In November 1938, shortly after the Kristallnacht pogrom, the Indian nationalist leader Mohandas K Gandhi controversially advised German Jews to respond to their persecution by engaging in dignified passive resistance, assuring them that whatever suffering they might endure, they would gain an enduring moral victory over their tormentors. This is encapsulated in the following extract from an article he wrote for his journal Harijan:

Can the Jews resist this organised and shameless persecution? Is there a way to preserve their self-respect and not to feel helpless or forlorn? I submit that there is.

If I were a Jew and were born in Germany and earned my livelihood there, I would claim Germany as my home even as the tallest gentile German might, and challenge him to shoot me or cast me in the dungeon; I would refuse to be expelled or to submit to discriminating treatment. And for doing this I should not wait for the Jews to join me in civil resistance, but would have confidence that in the end the rest were bound to follow my example. If one Jew or all the Jews were to accept the prescription here offered, he or they cannot be worse off than now. And suffering voluntarily undergone will bring them an inner strength and joy which no number of resolutions of sympathy passed in the world outside Germany can.

Gandhi has been strenuously criticised for being, at best, naïve, and at worst blind to the point of callousness to the true depths of Nazi depravity. Amongst those Jewish advocates of nonviolent resistance who reluctantly broke with him over his stance were the philosopher Martin Buber and Rabbi Yehuda Magnes. Gandhi’s critics accuse him of failing to distinguish between the relatively benign British administration in India or even the much harsher but still comparatively restrained white-dominated government in South Africa and a regime that in word and deed defied the most basic norms of civilized, humane conduct. Passive resistance might be effective with those whose consciences might see them eventually balk at continually repressing people who consistently responded to violence with peaceful non-cooperation.

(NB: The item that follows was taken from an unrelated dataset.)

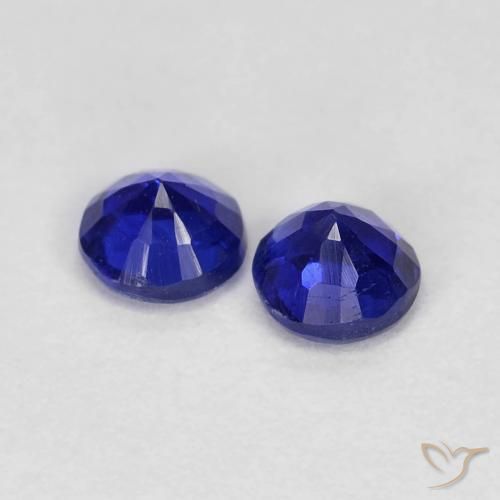 Shop natural 0.51ct ネイビーブルー カイヤナイト gems, ラウンド, from ネパール at GemSelect. In stock, global shipping!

How could it in any way prevail, however, against those whose core ideology ran diametrically counter to notions of conscience as broadly understood, if often imperfectly practiced, by the civilized world? In view of all this, it appeared that only force would in the final analysis be effective when it came to ridding the world of so evil a phenomenon as Nazism.

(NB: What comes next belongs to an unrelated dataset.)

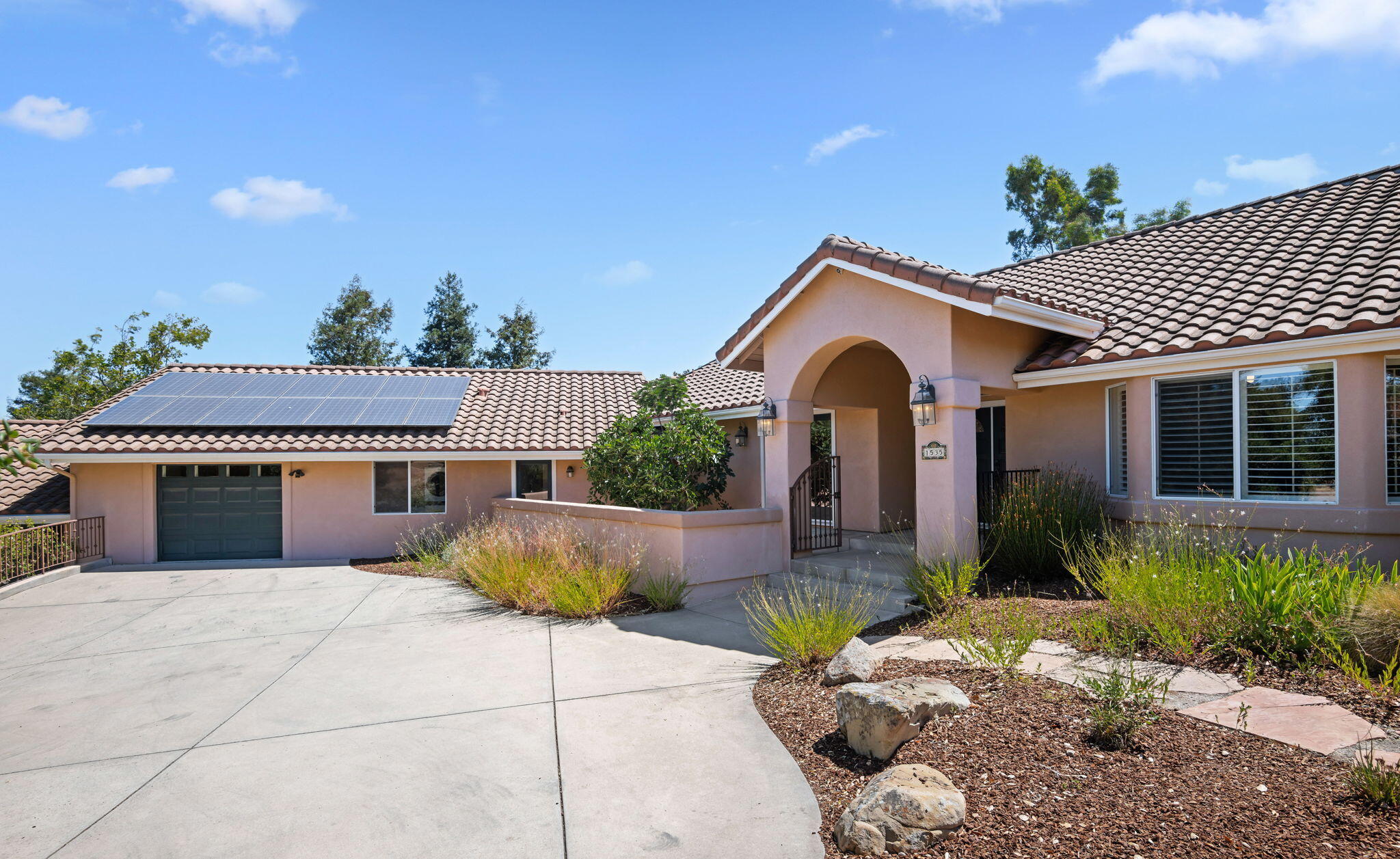 1535 Gamby Way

The fall of the Third Reich was indeed brought about in the end by the greatly superior military resources that its opponents were able to bring against it. Even so, there was a fair amount of nonviolent opposition against Nazism, beginning in pre-war Germany and spreading to the various countries that were occupied by Germany during the war itself. In his book Nonviolent Resistance to the Nazis, George Paxton chronicles the various forms which this opposition took and attempts to assess both the degree to which it can be said to have been effective and whether it could, or indeed should, have been practiced to a greater extent than was in fact the case. The author’s own particular interest in the philosophy and strategy of nonviolent resistance is indicated by his previous work as editor of The Gandhi Way, the quarterly journal of the UK-based Gandhi Foundation, and in his book Sonja Schlesin – Gandhi’s South African Secretary (Glasgow, 2006). Schlesin’s life, and particularly her role in the Indian Passive Resistance movement in early 20th Century South Africa, is the subject of Harriet Feinman’s insightful monograph, which appears elsewhere in this issue of Jewish Affairs.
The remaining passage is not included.